A Trump parable: Guest opinion



A Trump parable: Guest opinion
as published in the online Oregonian 1/18/18
and print version in the Sunday edition 1/21/18
Note: an earlier version of this essay appeared in Otherthannow in 2016.

A car salesman sold me a lemon. It reminds me of Trump's presidency: Guest opinion

By Charles E. Kraus

A year into this presidency, I'm thinking about the time I mistakenly purchased a Chevy Corvair.

In 1968, I was just back from Vietnam. Shortly after arriving at my duty station in Norfolk, I sold my rather dilapidated Opel Kadett. It made a horrendous squeal when turning left. I was pretty sure if I kept driving the damn coupe, a wheel would fall off leaving me dead or wishing I was.

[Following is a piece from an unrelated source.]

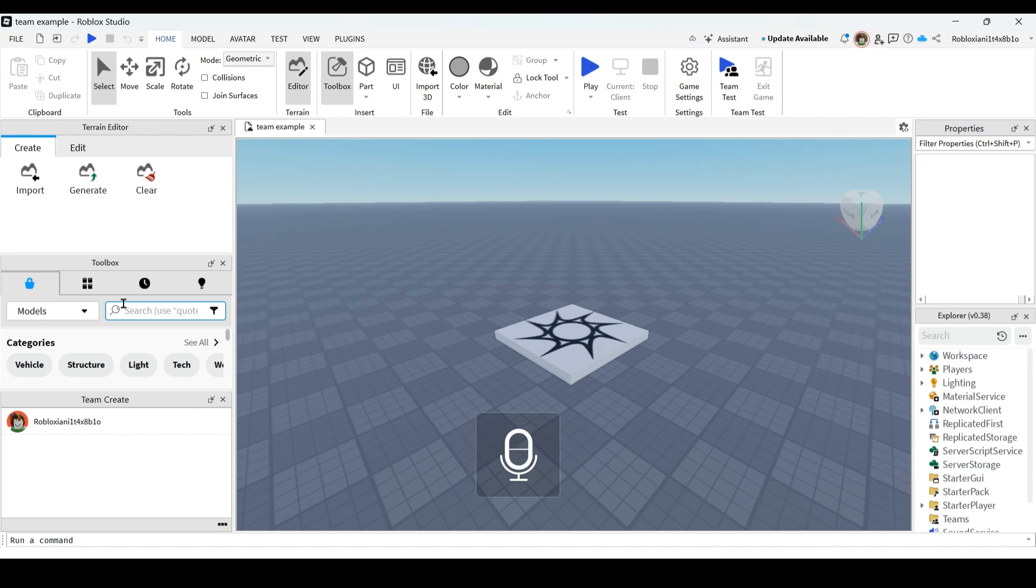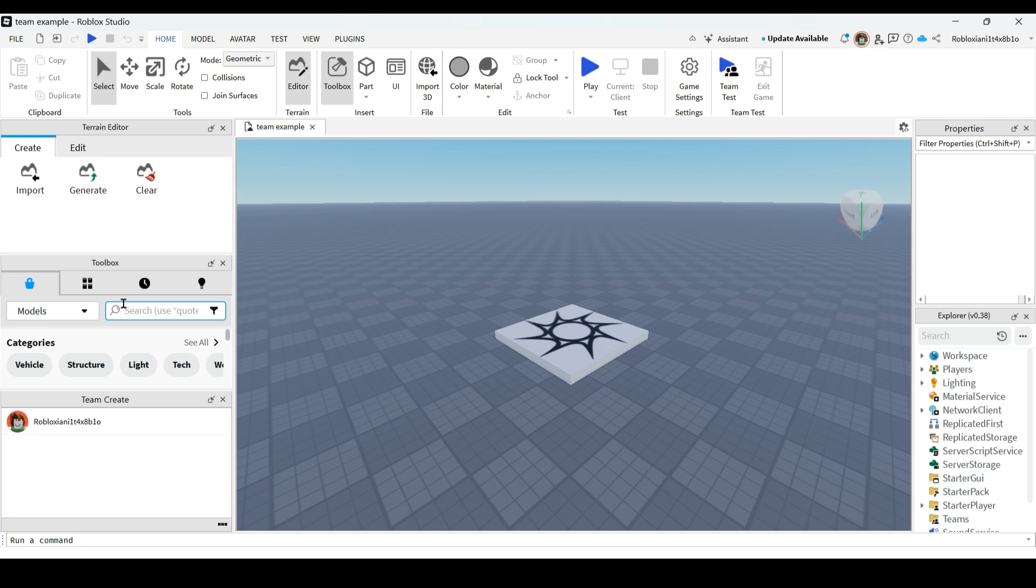Hi everyone, welcome back to this channel. In today's tutorial I'll show you how you can add someone to team create in Roblox Studio and invite for collaboration. In my previous video I had shown you how you can enable your team create. Now we will see how you can add people to your team create.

I headed for the nearest dealership. The salesman saw me coming even before I left base. He was a hot shot. I was a target: A city boy who knew about subway routes, but not much about cars. He was a salesman.  He knew about needs and desires.

 I'd been in ‘Nam, other occupied and not particularly interested when Ralph Nader's book, Unsafe at Any Speed, knocked the socks off Chevy Corvair sales. Dealerships were doing their best to dump inventory. I could get a new car on the cheap. 

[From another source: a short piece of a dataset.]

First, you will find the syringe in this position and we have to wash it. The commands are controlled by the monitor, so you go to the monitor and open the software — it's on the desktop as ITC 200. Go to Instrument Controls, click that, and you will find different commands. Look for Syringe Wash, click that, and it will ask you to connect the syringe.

The salesman assured me the vehicle was safe, reliable and affordable. Don't believe the bad press, he said in his confident-demeanor disguise. Dealers couldn't sell them if they were dangerous. Right? And keep in mind, the guy said, cars were not forever. You didn't like one, you traded for another. What was there to lose? Other than your life.

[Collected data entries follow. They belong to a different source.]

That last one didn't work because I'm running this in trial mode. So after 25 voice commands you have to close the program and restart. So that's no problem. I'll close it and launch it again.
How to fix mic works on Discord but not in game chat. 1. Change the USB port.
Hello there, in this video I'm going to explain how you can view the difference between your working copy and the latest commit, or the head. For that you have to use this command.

I could have a new model for only $1,700, coincidently, just the amount of my savings. I was being offered an opportunity to drive off with that new car smell filling my nostrils, seated in a new vehicle, steering wheel controlled by my very own hands.

Mr. Trump has me thinking about that car. About the attitude I had when I handed over the biggest wad of cash I'd ever held, and in exchange received promises and the keys to a vehicle that ended up just about killing me. 

The Corvair was an outlier, different than any of its American-made counter parts. Uniquely designed to shake up complacency -- the engine in the rear and the trunk in the front. There were Corvair clubs and Corvair motorcades, the salesman told me. He forgot to mention there were Corvair lawsuits. Corvair fatalities.

The car shut down suddenly while I was on the turnpike causing quite the commotion. Lots of skids, horn blasts and a few thuds.  On another occasion, it became so unmanageable while I was driving cross country that I ended up stranded in Lordsburg, New Mexico. For days. Awaiting parts. Lordsburg, New Mexico!

I'd sunk my bank roll, hopes and expectations into what was supposed to be a solution to previous car problems. But, I'd misjudged, hitching a ride on a sales pitch, an illusion rather than the genuine thing.   

Poor decision.  Didn't get me where I wanted to go.

I've been thinking about that.  About flamboyant salesmen and poor performance.  On what's promised and. what's delivered.